Walla Walla Valley Transit introduces vehicle transition plan

Goldie Cameron, News Reporter

Illustration by Payton Davies.

Walla Walla Valley Transportation is working to decrease the city’s carbon footprint by investing in electric buses over the next two years. The plan is a part of their new zero-emission vehicle transition plan led by general manager Angie Peters. Peters was just recently named one of the 39 under 39 leaders in the Walla Walla Valley by the Union-Bulletin.

“Electric trolley buses reduce air pollution and noise pollution while continuing to maintain safe and efficient transit services for those who need them,” Peters said. “They are an enhancement to a system that already positively contributes to daily life by providing access and accessibility to community members. The existence of public transit underlines that the pursuit of happiness is not beholden to car ownership.”

Angie Peters oversees public transportation in Walla Walla and College Place, as the department as a whole works to advocate for legislative priorities for the community.

When it comes to technical integration of these electric vehicles, Peters explained that it’s a long road ahead. There are lots of logistical refinements over time.

“We continue to hone our system to make it work better for the community. The next planned adjustment is some re-routing that will go live in 2025,” Peters said. “Leading up to that, there will be opportunities for community input to help ensure we are serving the public the best we possibly can.”

Peters explained other ways Walla Walla Valley Transit works to make transportation convenient for the community.

“Outside of that, at least once every ten years we do a comprehensive operational analysis (COA), which explores our entire operation for ways to improve,” Peters said. “This then informs our strategic planning in between COAs. Our last COA was completed in 2020. We are also working on our ADA Transition Plan to improve our bus stop facilities.”

According to Maintenance Manager Randy Alexander, the new buses have some key differences when it comes to maintaining them.

“The largest difference between a BEB (battery electric bus) and a traditional ICE (internal combustion engine) bus is the number of wearable parts and the quantity of petroleum-based fluids is greatly reduced,” Alexander said. “Electric buses still use oil and antifreeze; it is just smaller quantities and longer change intervals.”

Walla Walla Valley Transit hopes to continue improving and increasing the utility of its services over time.

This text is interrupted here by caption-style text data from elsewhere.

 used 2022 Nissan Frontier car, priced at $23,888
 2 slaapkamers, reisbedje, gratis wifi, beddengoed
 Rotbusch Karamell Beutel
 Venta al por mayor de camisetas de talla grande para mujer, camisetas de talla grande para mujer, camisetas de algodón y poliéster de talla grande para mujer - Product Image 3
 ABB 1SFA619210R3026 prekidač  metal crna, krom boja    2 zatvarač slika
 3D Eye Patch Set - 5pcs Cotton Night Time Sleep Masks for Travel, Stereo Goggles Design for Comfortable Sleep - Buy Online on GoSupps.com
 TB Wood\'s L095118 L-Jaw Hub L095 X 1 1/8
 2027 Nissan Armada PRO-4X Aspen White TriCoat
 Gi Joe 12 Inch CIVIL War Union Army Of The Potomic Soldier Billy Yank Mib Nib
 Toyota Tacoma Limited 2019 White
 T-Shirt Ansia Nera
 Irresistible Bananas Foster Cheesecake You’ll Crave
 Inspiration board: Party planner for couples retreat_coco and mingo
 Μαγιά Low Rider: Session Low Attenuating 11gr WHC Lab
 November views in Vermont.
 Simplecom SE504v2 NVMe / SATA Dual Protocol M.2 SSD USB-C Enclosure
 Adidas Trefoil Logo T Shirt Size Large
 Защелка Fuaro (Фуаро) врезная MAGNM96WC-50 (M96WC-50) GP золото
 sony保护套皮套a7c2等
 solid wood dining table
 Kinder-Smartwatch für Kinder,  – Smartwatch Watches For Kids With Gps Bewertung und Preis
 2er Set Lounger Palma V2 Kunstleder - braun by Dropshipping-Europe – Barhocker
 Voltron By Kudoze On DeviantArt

Valley Transit is dedicated to providing high-quality and efficient public transportation services that are responsive to the needs of the entire community, promoting quality of life and a healthy economy,” says the statement on the Walla Walla Valley Transit website. “We believe that the next step in providing safe, clean and reliable service is to transition our fleet to zero-emission vehicles.”

Walla Walla Valley Transit seeks to assure residents that they work to maintain and better public transport for the people of Walla Walla.